> _Available data_
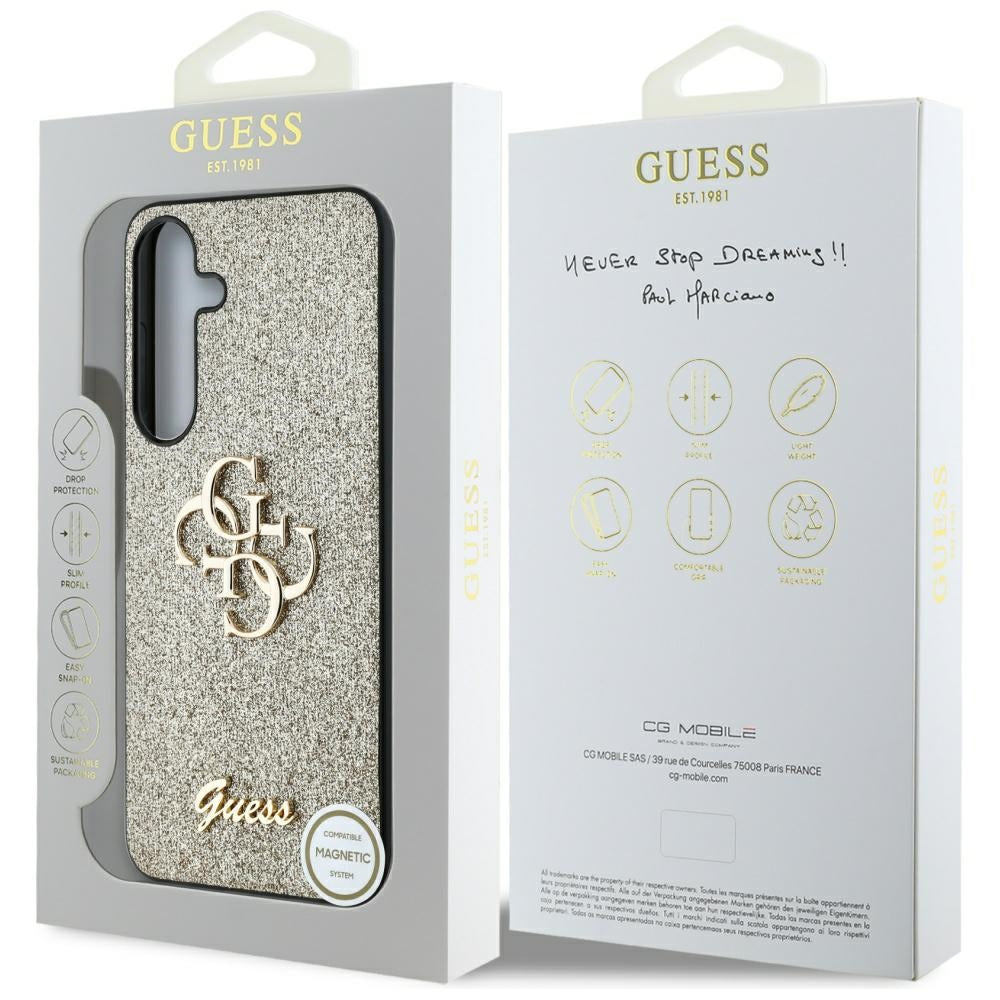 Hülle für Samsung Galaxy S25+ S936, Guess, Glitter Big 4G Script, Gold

...

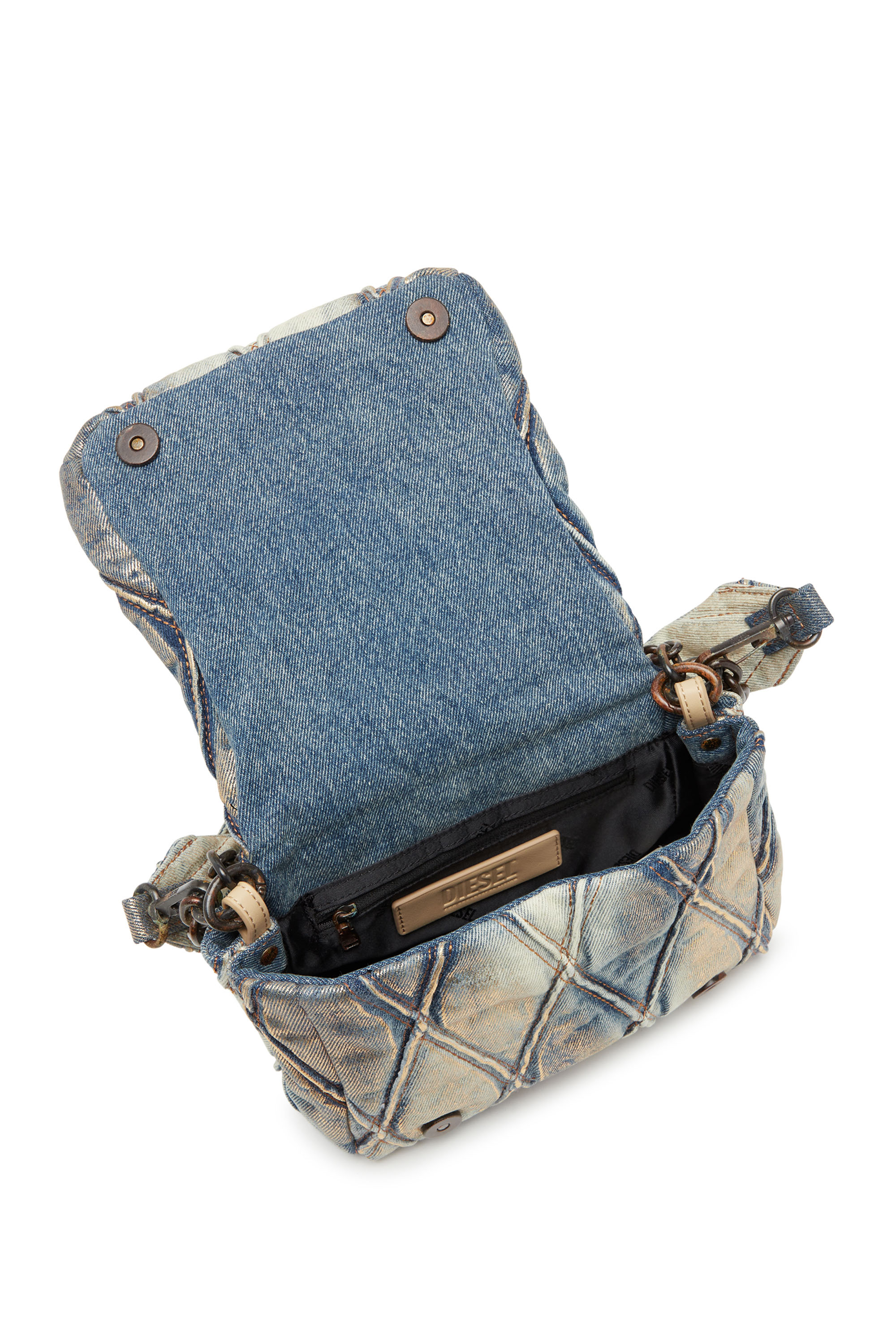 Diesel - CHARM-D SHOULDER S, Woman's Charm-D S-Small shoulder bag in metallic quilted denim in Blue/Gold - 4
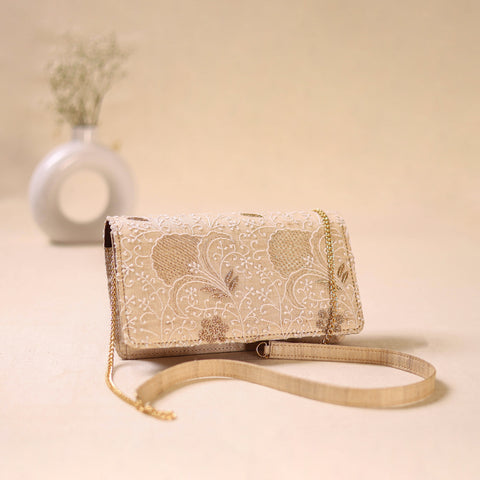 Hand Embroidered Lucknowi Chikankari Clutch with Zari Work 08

--

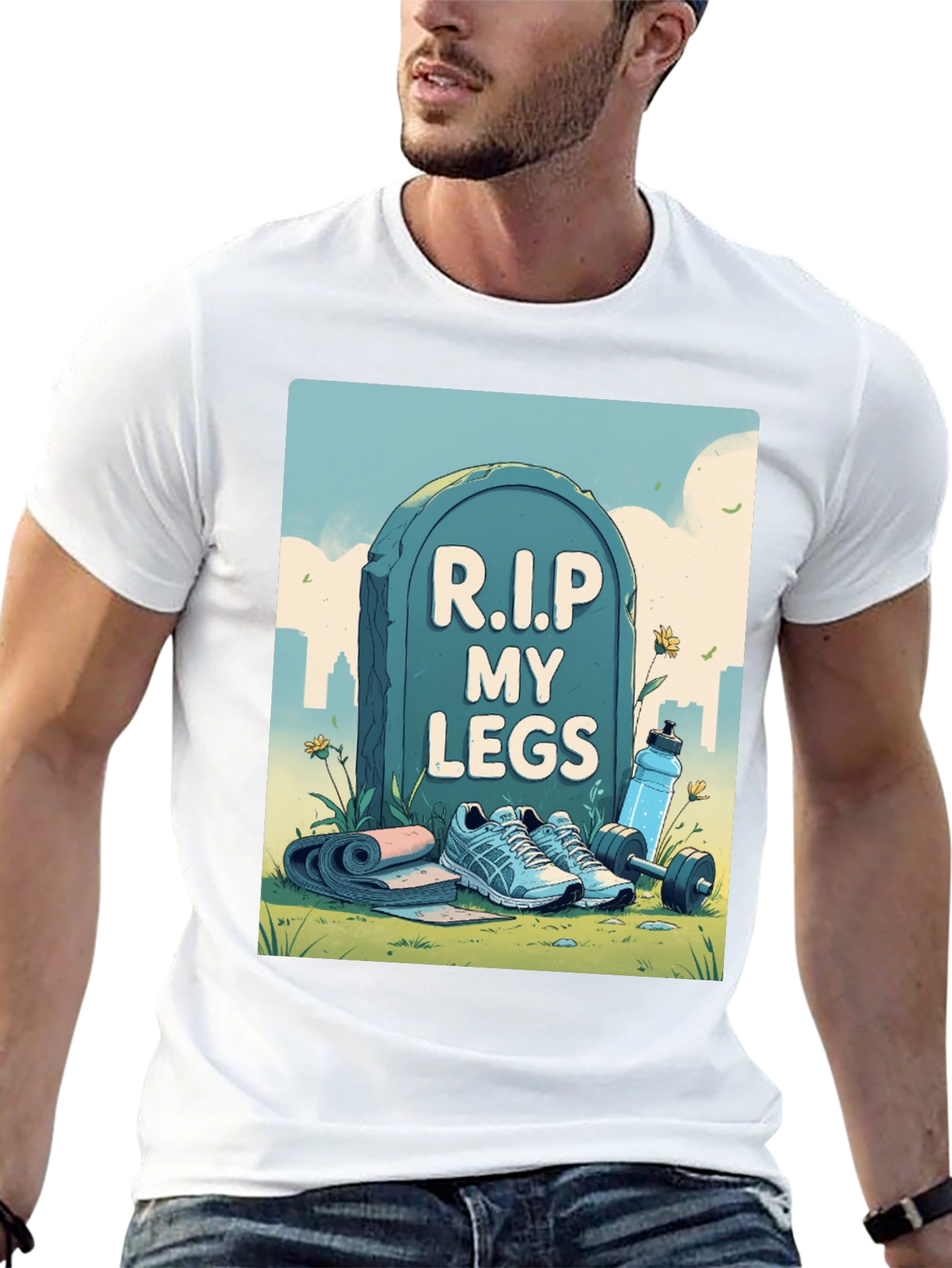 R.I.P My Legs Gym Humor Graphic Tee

> _Try it_
Pictures do not belong in the answer. Return the lines above starting at the one with "Diesel - CHARM-D" and ending at the one with "Hand Embroidered Lucknowi", both kept, exactly.

> _Exercise solution_
 Diesel - CHARM-D SHOULDER S, Woman's Charm-D S-Small shoulder bag in metallic quilted denim in Blue/Gold - 4
 Hand Embroidered Lucknowi Chikankari Clutch with Zari Work 08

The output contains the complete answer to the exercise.